Material provided —
= Beginning of Section =
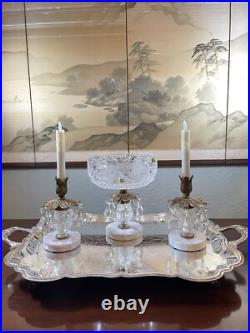 Silverplate Tray Victorian Style American Rogers HANDLED & Footed Chased VINTAGE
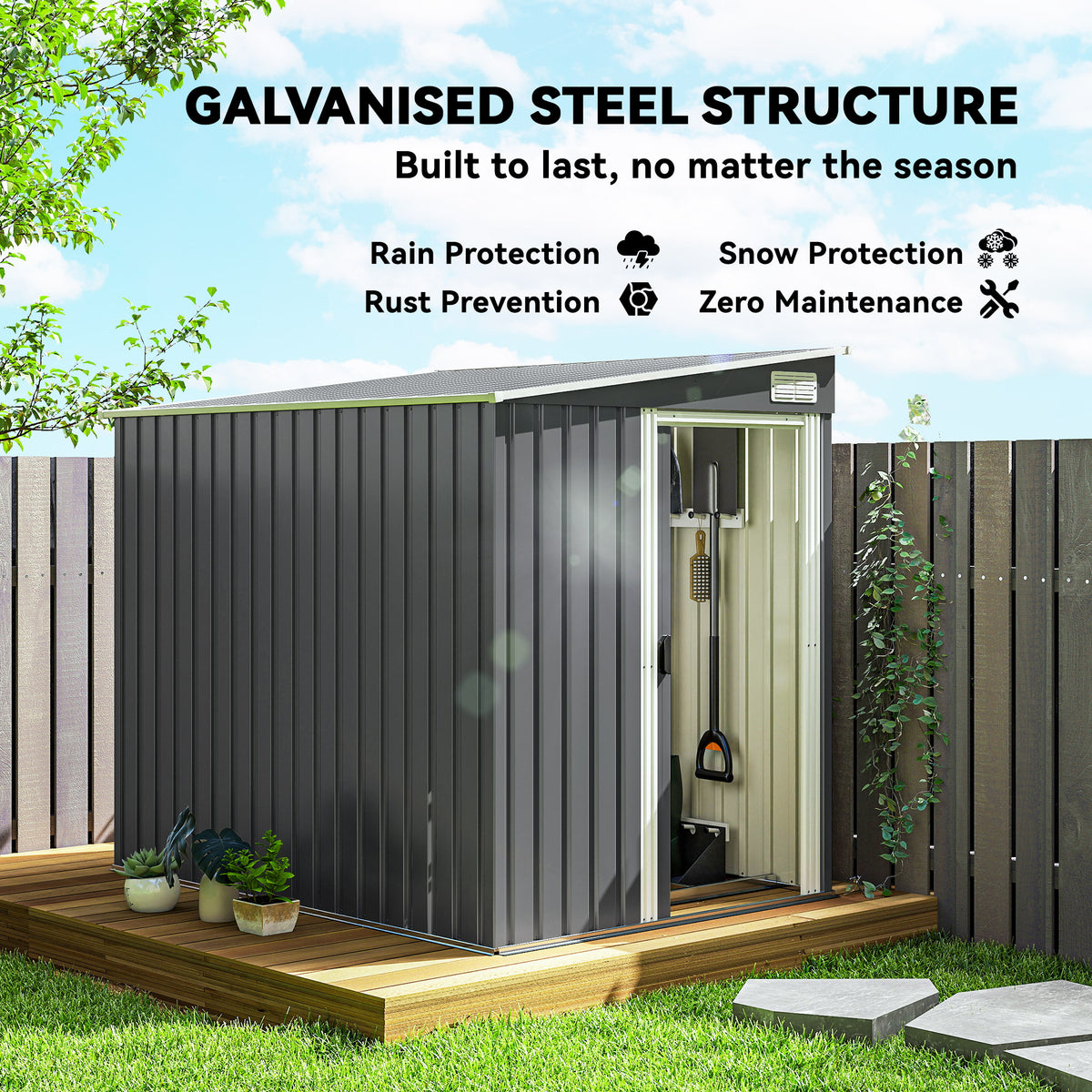 5'x7' Lean to Galvanized Metal Shed with Foundation, Garden Tool Storage House with Sliding Door and 2 – view 3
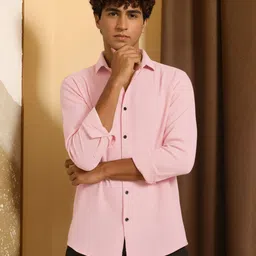 metronaut Men Regular Fit Solid Spread Collar Casual Shirt image 2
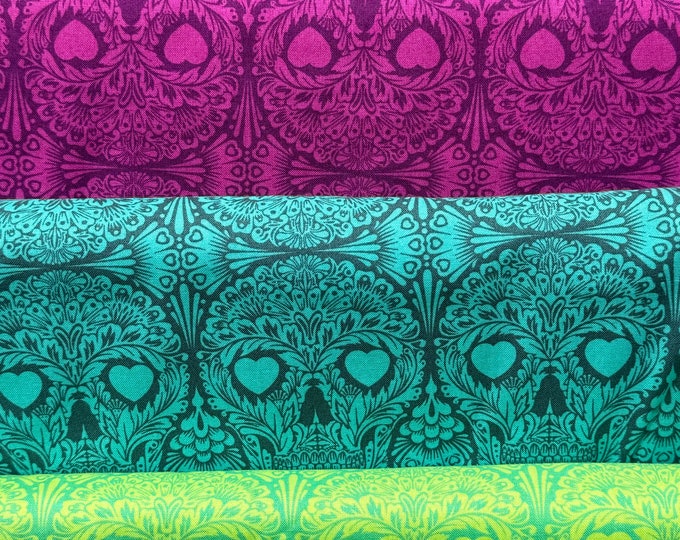 Fat Quarter Sugar Skulls  - Tula Pink's De La Luna Fabric for Free Spirit Fabrics - Metric Fat Quarters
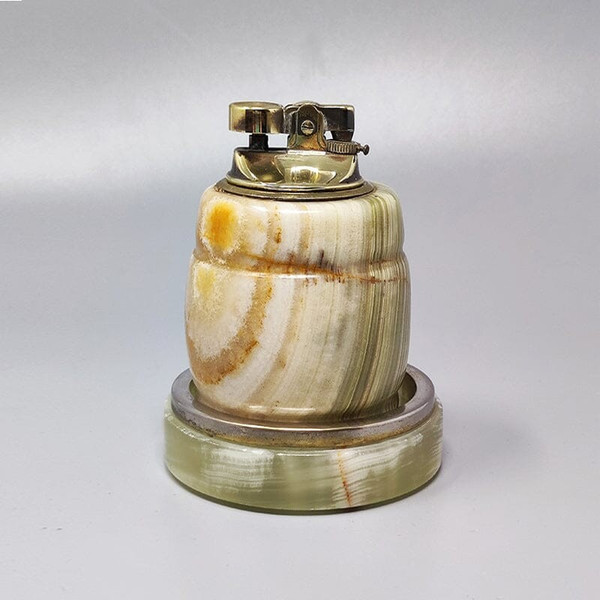 1960 Magnificent Onyx smoking set. Made in Italy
= End of Section =
Requirement — Transcribe exactly, and only, the lines from the one with "5'x7' Lean to" through the final line of the data above. The pictures stay out.

Answer area —
 5'x7' Lean to Galvanized Metal Shed with Foundation, Garden Tool Storage House with Sliding Door and 2 – view 3
 metronaut Men Regular Fit Solid Spread Collar Casual Shirt image 2
 Fat Quarter Sugar Skulls  - Tula Pink's De La Luna Fabric for Free Spirit Fabrics - Metric Fat Quarters
 1960 Magnificent Onyx smoking set. Made in Italy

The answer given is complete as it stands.